TASK ITEM
In your transcription, keep every record exact and leave out the pictures.

RECORDS SHOWN

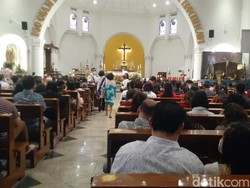 Malam Natal, Gereja Katedral Semarang Mulai Dipadati Jemaat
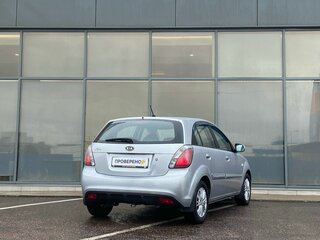 2010 Kia Rio II Рестайлинг, серебристый, 517000 рублей, вид 4
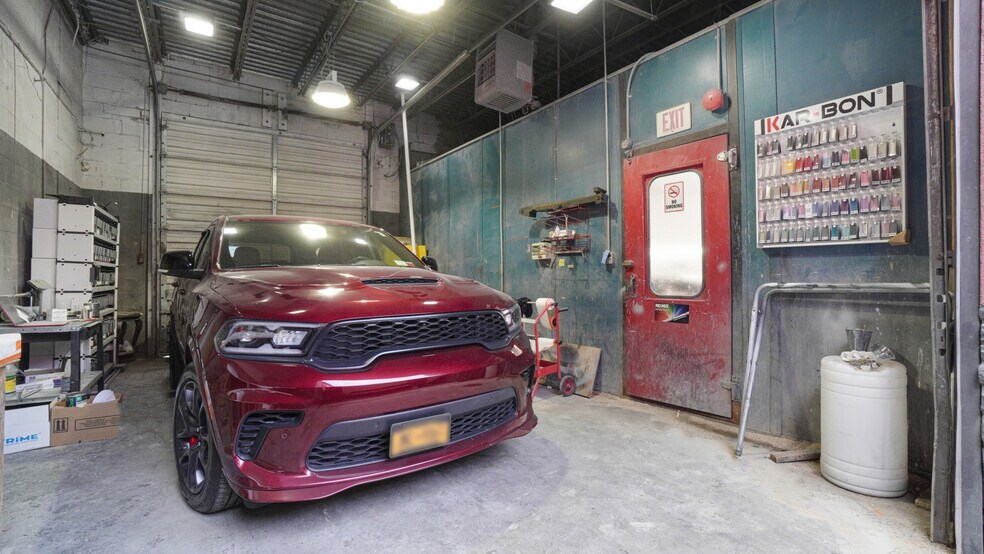 More Photos Of 10 Jerusalem Ave, Hempstead Auto Repair For Sale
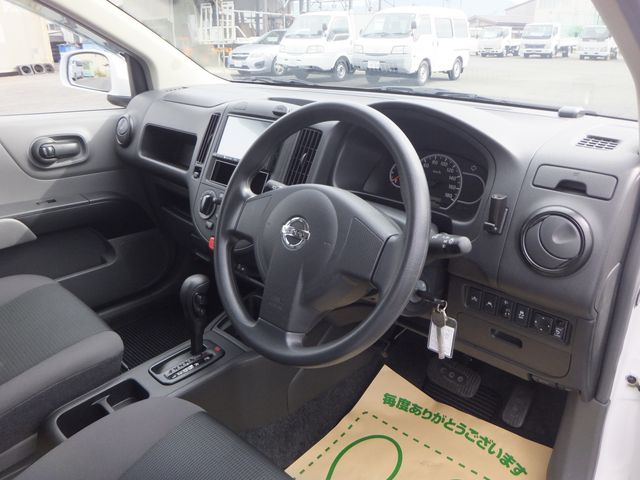 NISSAN NV150 AD 4WD 2020 Image 31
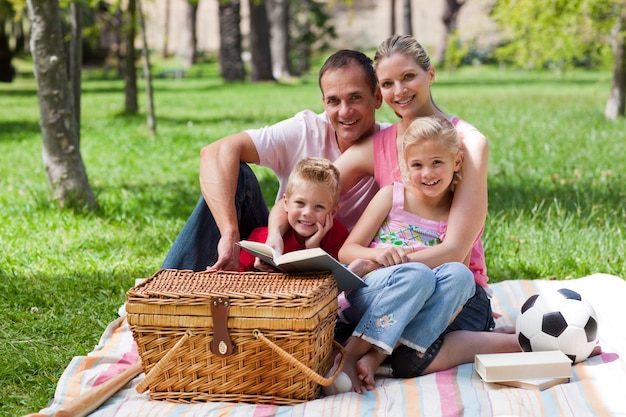 Família feliz se divertindo em um parque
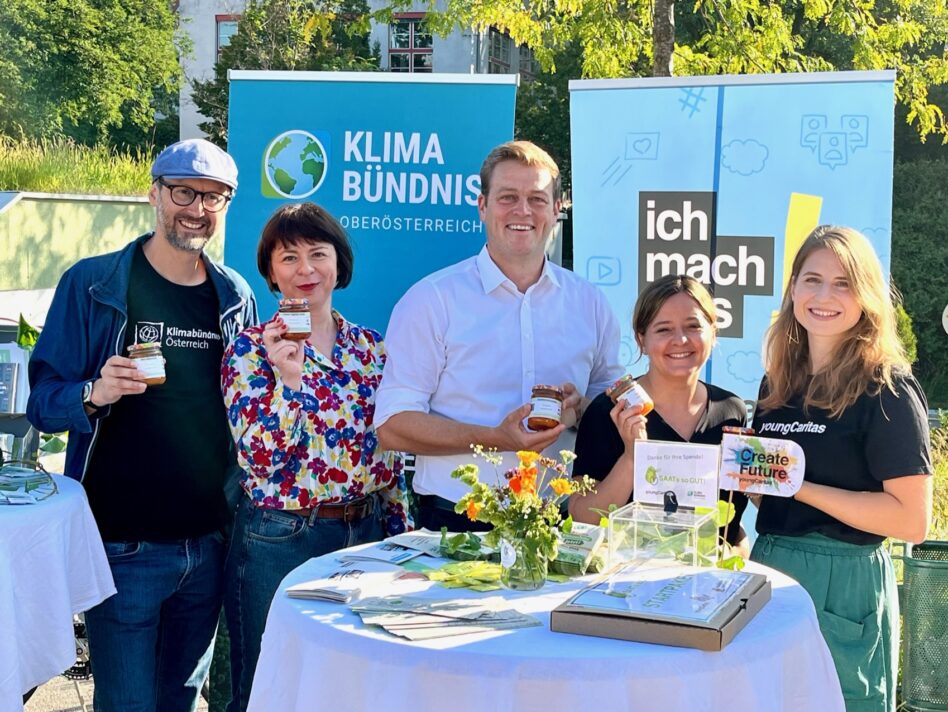 Norbert Rainer, Irene Wögerer (beide Klimabündnis OÖ), Umwelt- und Klima-Landesrat Stefan Kaineder, Magdalena Hangler & Anja Panhuber (beide youngCaritas OÖ).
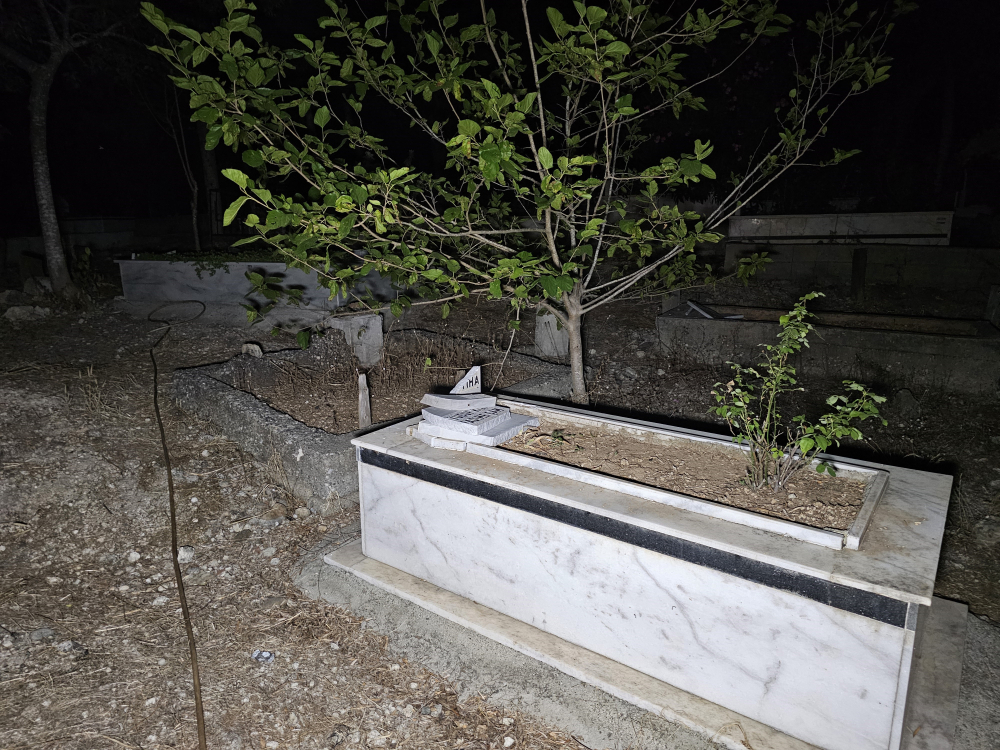 Ölüye bile saygı yok! Mezar taşlarını kırdılar - Bursa Hayat Gazetesi-3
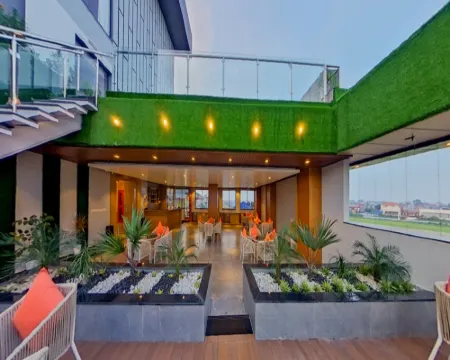 Lords CBC Plaza Chitwan Hotels in Bharatpur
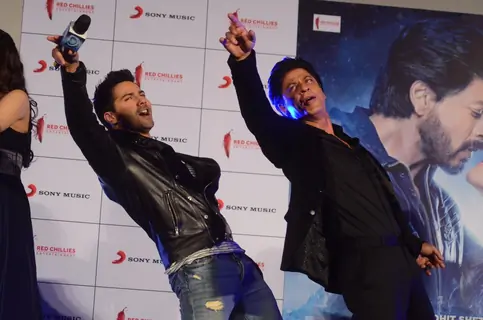 Varun Dhawan and SRK shaking a leg at Song Launch of 'Dilwale'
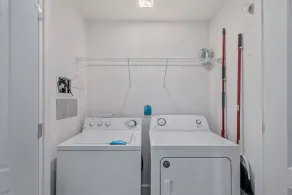 Apartmentanlage im 4. Stock am Wasser mit Innenpool, Strömungskanal, Whirlpool, Küche - Image 2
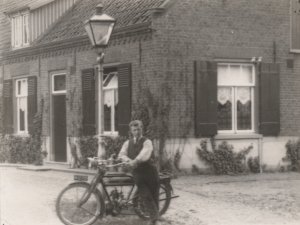 Een Belgische Saroléa motorfiets van c. 225 cc, 2 PK. Erp, c. 1925.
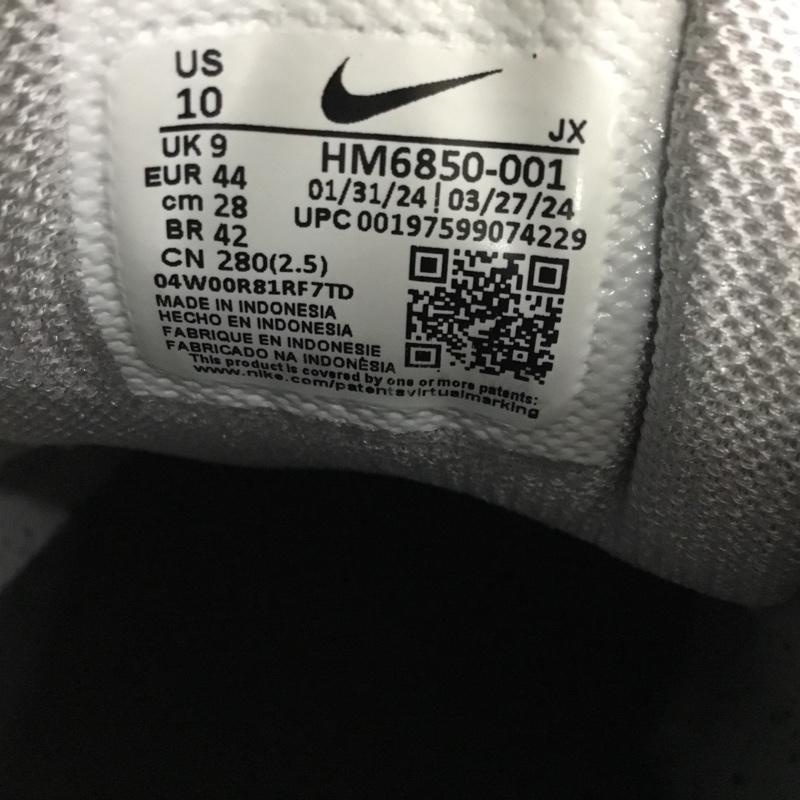 ナイキ NIKE スニーカー スニーカー HM6850-001 AIR MAX PLUS TIEMPO WOLF GREY 28cm 28.0cm ロゴ、文字 灰 / グレー / gray X 黒 / ブラック / black メンズ USED 古着 中古 10159691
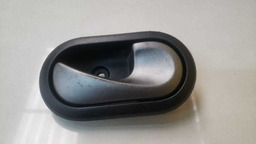 MAÇANETA INTERNA DIREITA RENAULT SANDERO 2008 A 2013 (5)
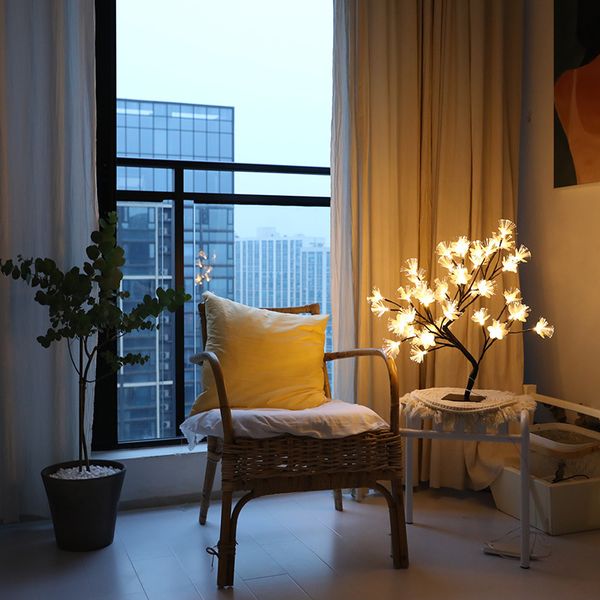 2021 red ins lamp led girl's net desk nightlight light heart room bedroom decoration christmas creative gift new
2021 red ins lamp led girl's net desk nightlight light heart room bedroom decoration christmas creative gift new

RESULT
 Malam Natal, Gereja Katedral Semarang Mulai Dipadati Jemaat
 2010 Kia Rio II Рестайлинг, серебристый, 517000 рублей, вид 4
 More Photos Of 10 Jerusalem Ave, Hempstead Auto Repair For Sale
 NISSAN NV150 AD 4WD 2020 Image 31
 Família feliz se divertindo em um parque
 Norbert Rainer, Irene Wögerer (beide Klimabündnis OÖ), Umwelt- und Klima-Landesrat Stefan Kaineder, Magdalena Hangler & Anja Panhuber (beide youngCaritas OÖ).
 Ölüye bile saygı yok! Mezar taşlarını kırdılar - Bursa Hayat Gazetesi-3
 Lords CBC Plaza Chitwan Hotels in Bharatpur
 Varun Dhawan and SRK shaking a leg at Song Launch of 'Dilwale'
 Apartmentanlage im 4. Stock am Wasser mit Innenpool, Strömungskanal, Whirlpool, Küche - Image 2
 Een Belgische Saroléa motorfiets van c. 225 cc, 2 PK. Erp, c. 1925.
 ナイキ NIKE スニーカー スニーカー HM6850-001 AIR MAX PLUS TIEMPO WOLF GREY 28cm 28.0cm ロゴ、文字 灰 / グレー / gray X 黒 / ブラック / black メンズ USED 古着 中古 10159691
 MAÇANETA INTERNA DIREITA RENAULT SANDERO 2008 A 2013 (5)
 2021 red ins lamp led girl's net desk nightlight light heart room bedroom decoration christmas creative gift new
2021 red ins lamp led girl's net desk nightlight light heart room bedroom decoration christmas creative gift new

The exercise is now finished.